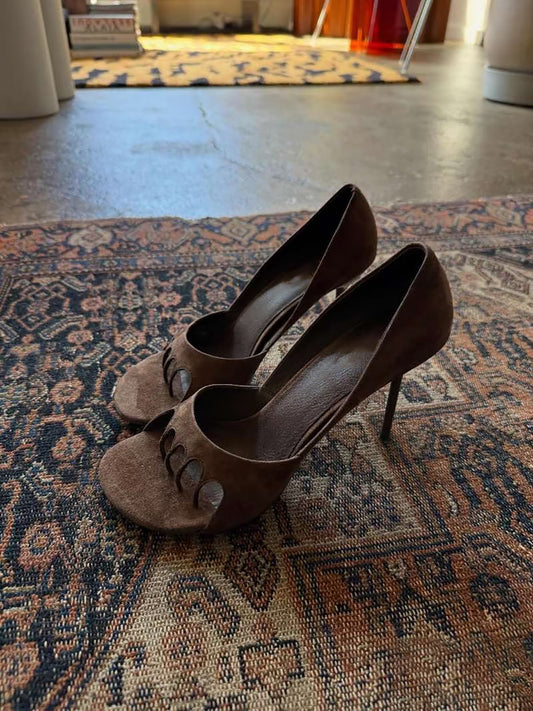 Suede stiletto flip-flops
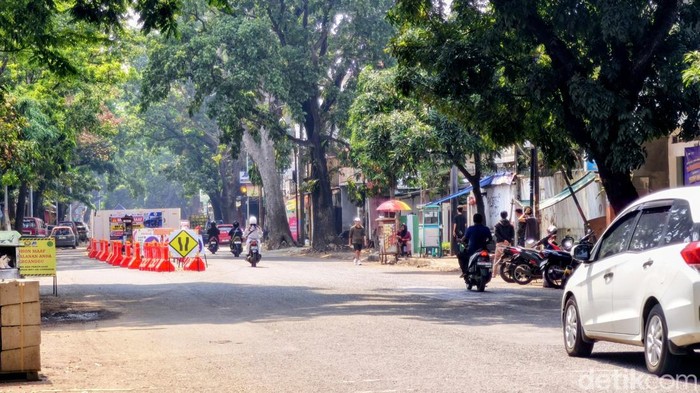 Pembangunan halte BRT di Bandung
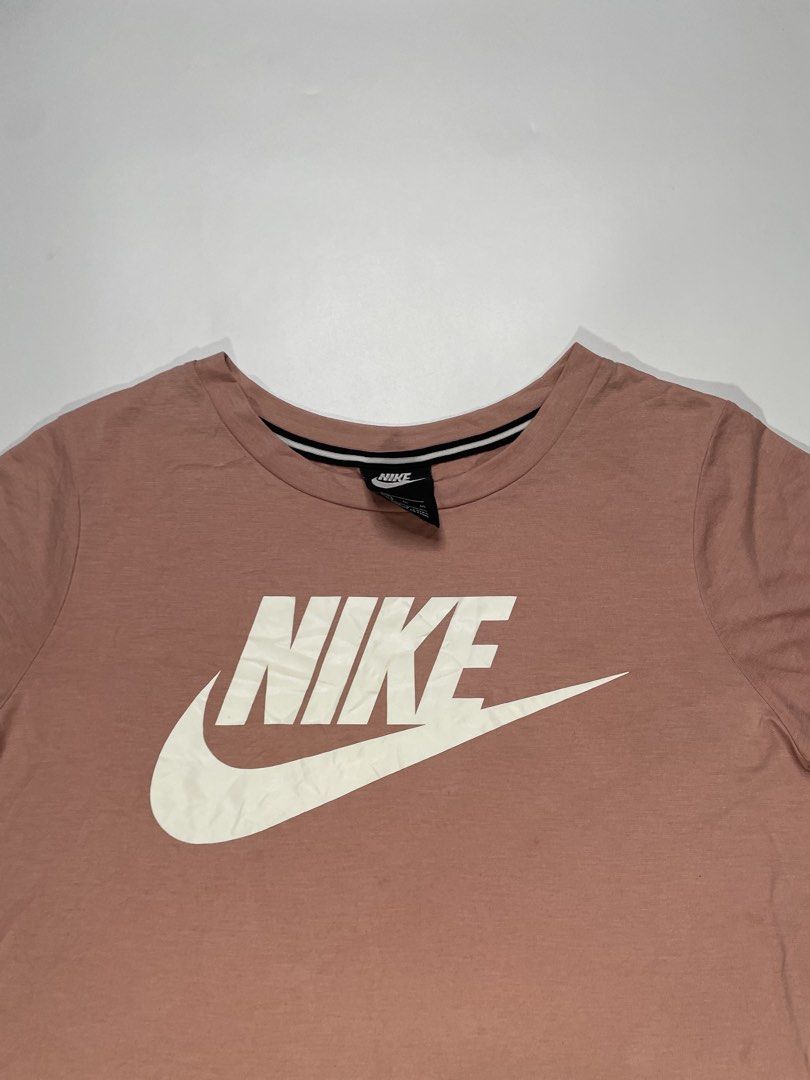 Nike Peach Pink Unisex Shirt (Category: Activewear) located in Dasmarinas. Submitted by just_find_castleton (Listing ID 1457779896, Image 2). Description: Nike Peach Pink Unisex Shirt Size: XL- Medium fits Dimension: Width - 20.5 Length - 25 Condition - 9/10 -Check pics -1-2 days reservation only -Flakers/Bogus will be posted -Add sf -This is thrift item please manage your expectations..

═══

Exercise: The reply should repeat the data in full, exactly as given, and contain no pictures.

Problem solution:
 Suede stiletto flip-flops
 Pembangunan halte BRT di Bandung
 Nike Peach Pink Unisex Shirt (Category: Activewear) located in Dasmarinas. Submitted by just_find_castleton (Listing ID 1457779896, Image 2). Description: Nike Peach Pink Unisex Shirt Size: XL- Medium fits Dimension: Width - 20.5 Length - 25 Condition - 9/10 -Check pics -1-2 days reservation only -Flakers/Bogus will be posted -Add sf -This is thrift item please manage your expectations..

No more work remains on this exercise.